Sharad Sharma, co-founder of iSpirit, said at the conference, “India is entering a phase of innovation that is substantially different from what we have seen until now.” Aadhaar, he stated, will create other digital possibilities such as “the presence-less layer, which means I can open a bank account and establish who I am without doing in-person verification.” Aadhaar will enable millions of people to use their e-signs for paperless transactions. It has made possible the Unified Payments Interface, a debit card system that is a less expensive alternative to MasterCard and Visa.

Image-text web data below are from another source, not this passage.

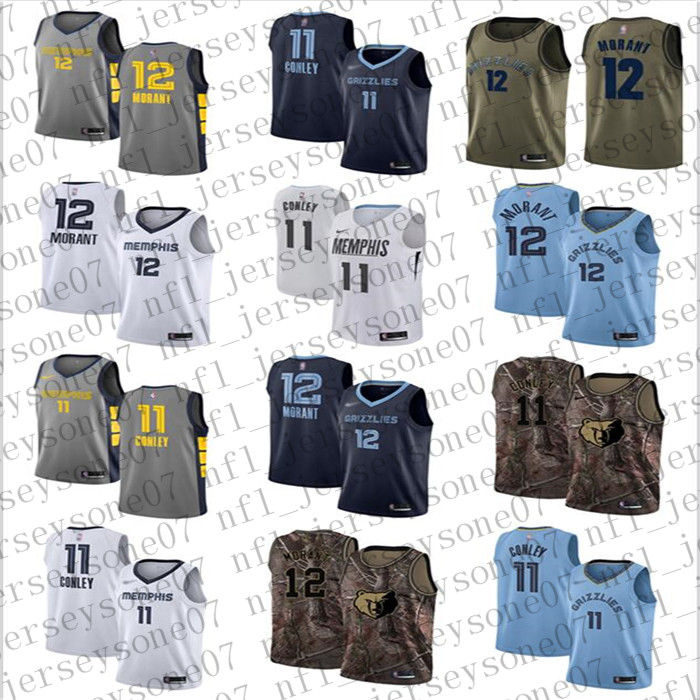 

Custom Mens women youth Grizzliess 11 Mike Conley 12 Ja Morant green white black Throwback Basketball jersey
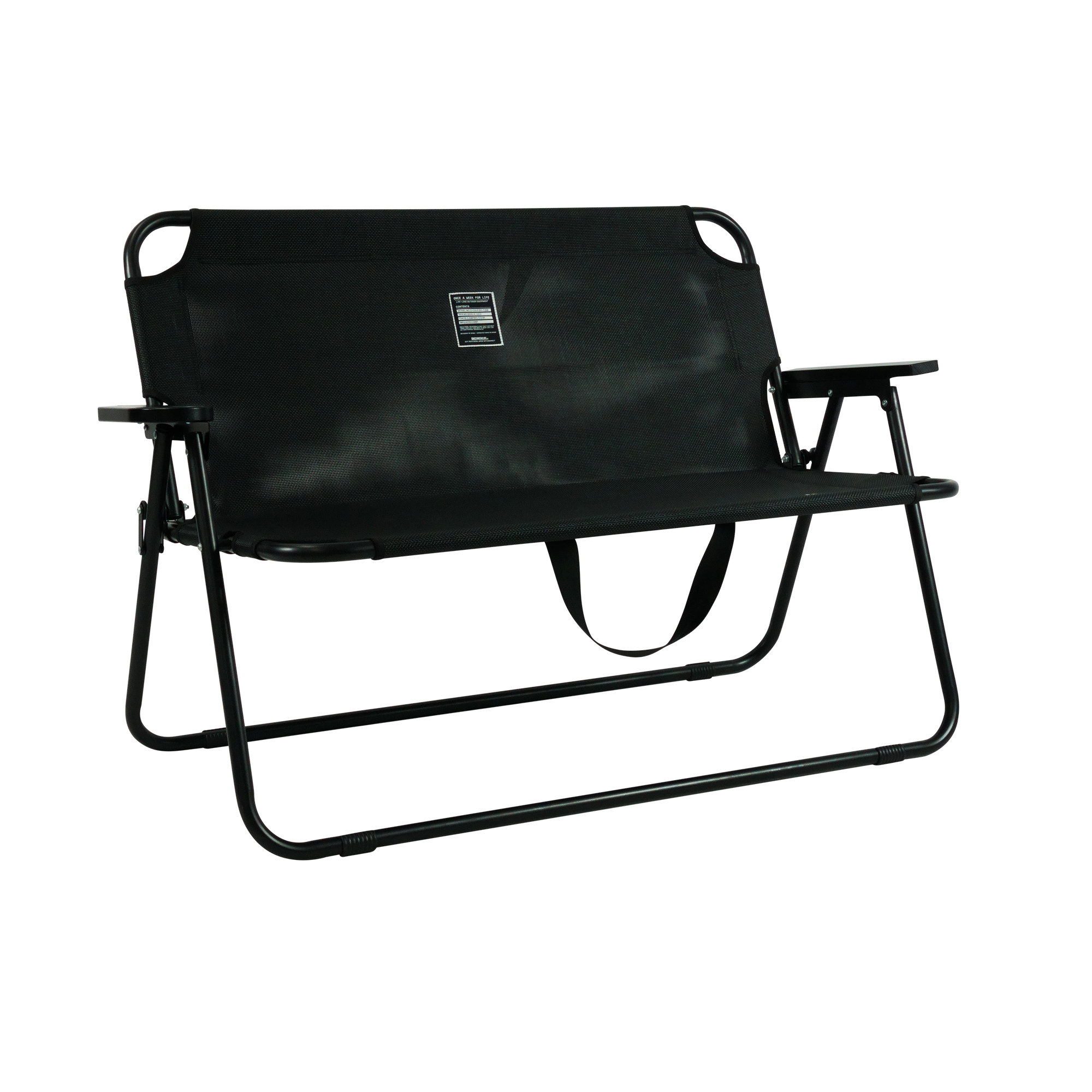 원스위크라이프 Textilene® 메쉬 야외용 폴딩 체어 2인용 | 데얼스 아웃도어 전문 플랫폼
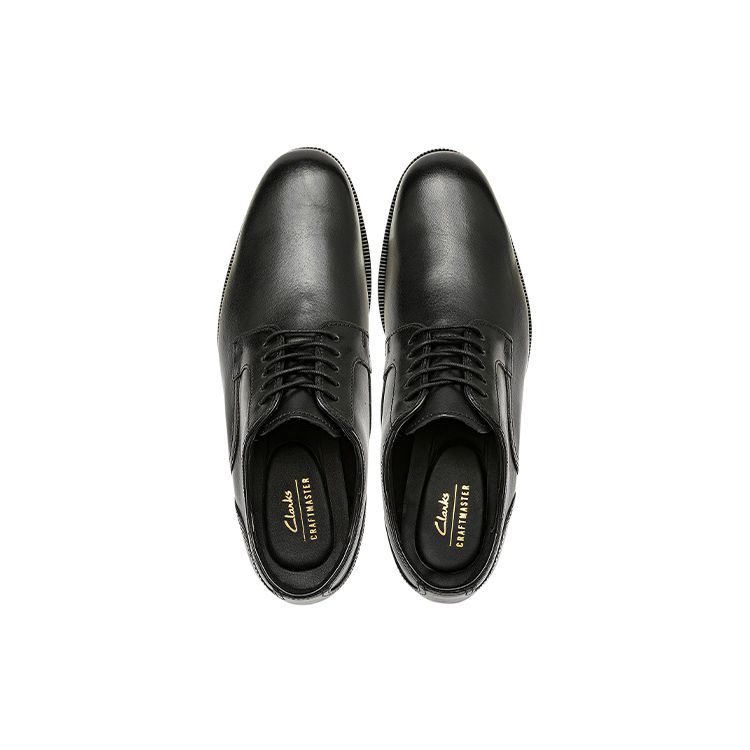 Clarks Кожаные Мужские Деловые Формальные Туфли Черные 261691797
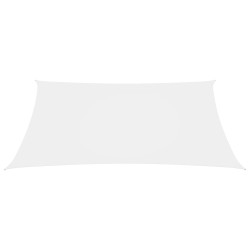 vidaXL Toldo de vela rectangular tela Oxford blanco 2,5x4,5 m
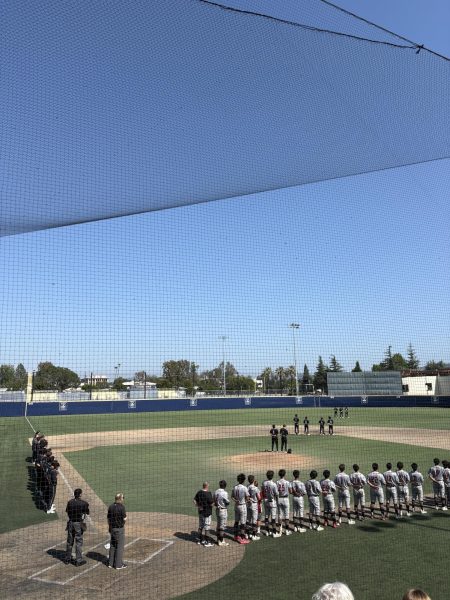 The baseball knights at one of their home games this season.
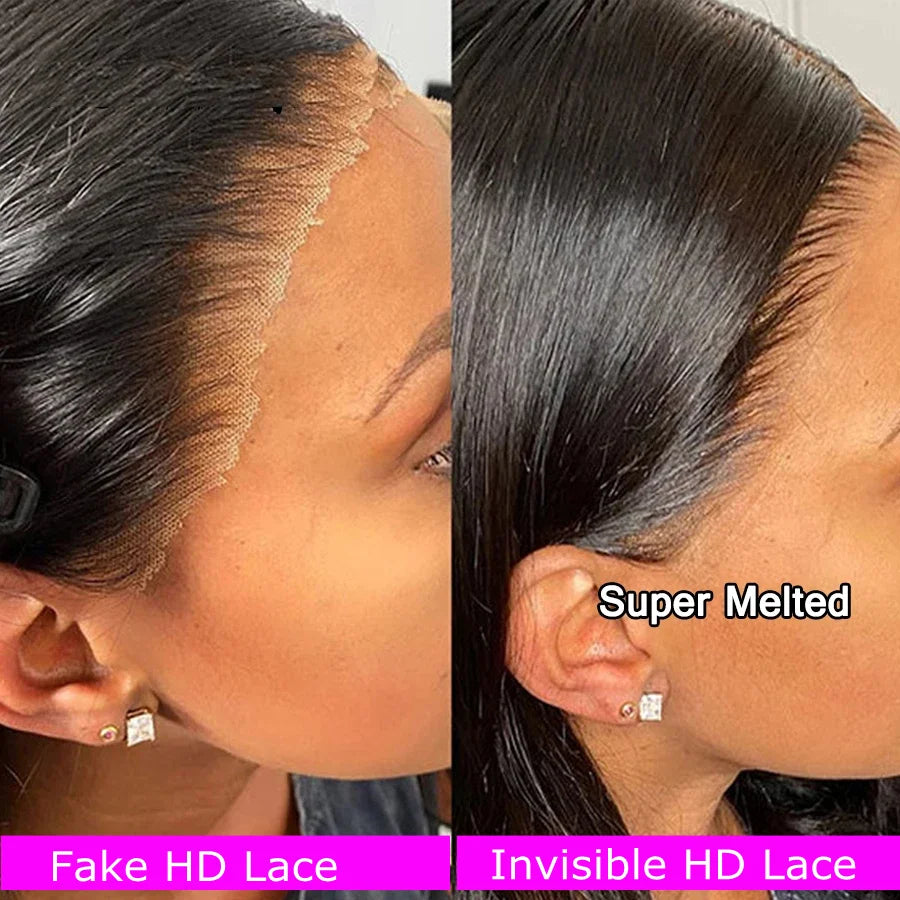 SKINLIKE HD 5x5 6X6 Lace Closure Only Melt Skin Kinky Curly Hair With 4c Kinky Hairline Invisible 13x4 13x6 HD Lace Frontal Only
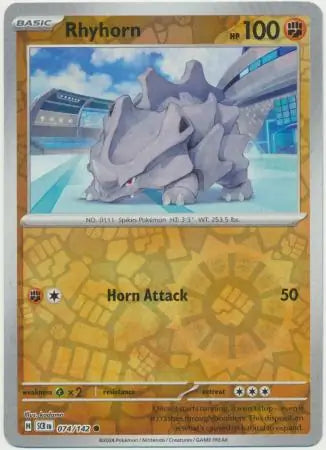Rhyhorn 074/142 - Stellar Crown
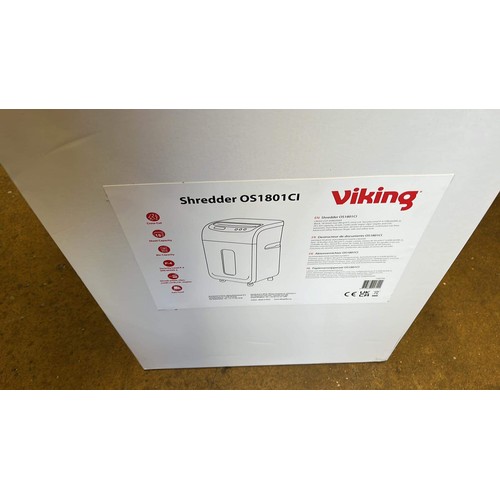 832 - VIKING SHREDDER OS 1801 CI BOXED / UNCHECKED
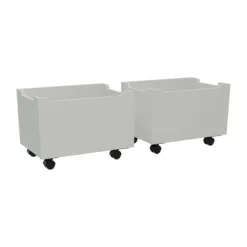 Vipack Set van 2 Laden - Forrest Beuk - Wit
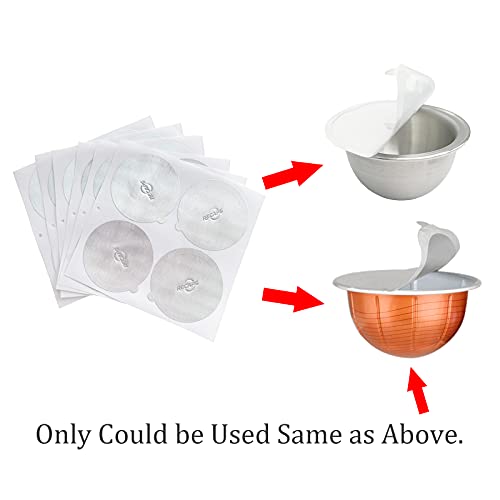 RECAPS Aluminum Foils Lids Seals to Reuse Coffee Pods Reusable Coffee Filter Refillable Filter Compatible with Nespresso VertuoLine Vertuo Only 100 Pcs 62mm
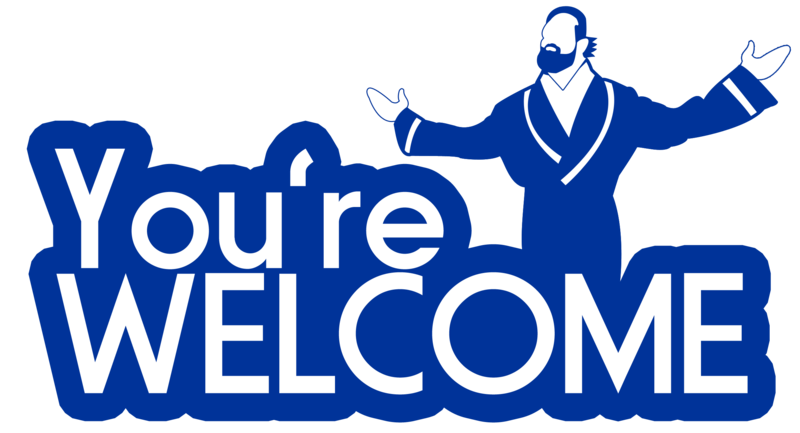 Welcome Design Png Image (black, navy, white)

With 650 million smartphone users, it is expected that within a year, mobile cash will become all-pervasive in India, especially when the “digital consent” becomes an operational and integral part of the cashless payment system. As reported in LiveMint, Sharma said, “We are data poor right now, but we are putting in place a new system to manage digital consent, so nobody can aggregate data about you without a digital permission token from you. This is going to be the largest country-scale system in the world -- a techno-legal solution… a very modern approach, which is a techno-legal sort of solution to manage privacy.”

While the government uses Aadhaar to ensure the delivery of benefits and services to residents, albeit with a special focus on the underprivileged, business enterprises are developing Aadhaar-based apps for the nation’s burgeoning e-commerce. That is drawing Amazon, Google, Microsoft, Facebook, and others to collaborate and compete with Indian enterprises to reach rural India. Consider this: In 2014 Jeff Bezos of Amazon invested $2 billion, and in June 2016 he pledged another $3 billion, to build a logistics network to cover the entire country to have a major stake in the online market expected to grow to $110 billion in the coming decade, according a Wall Street Journal report.

Women in India lag far behind men on social media, e-commerce and mobile connectivity. Parents discourage girls from having smartphones. They fear that young girls might go astray or do something that might shame the family. For their own self-interest, it is important for IT companies, therefore, to educate people and remove their fear of smartphones, especially by women so that they can fully participate in opportunities created by Digital India. Once men see that women are using smartphones for socially useful purposes, their hostility will diminish. That is the hope for Digital India: Give every woman a smartphone and see India transform.

By Narain D Batra

Narain D Batra is professor of communications at Norwich University. –Ed.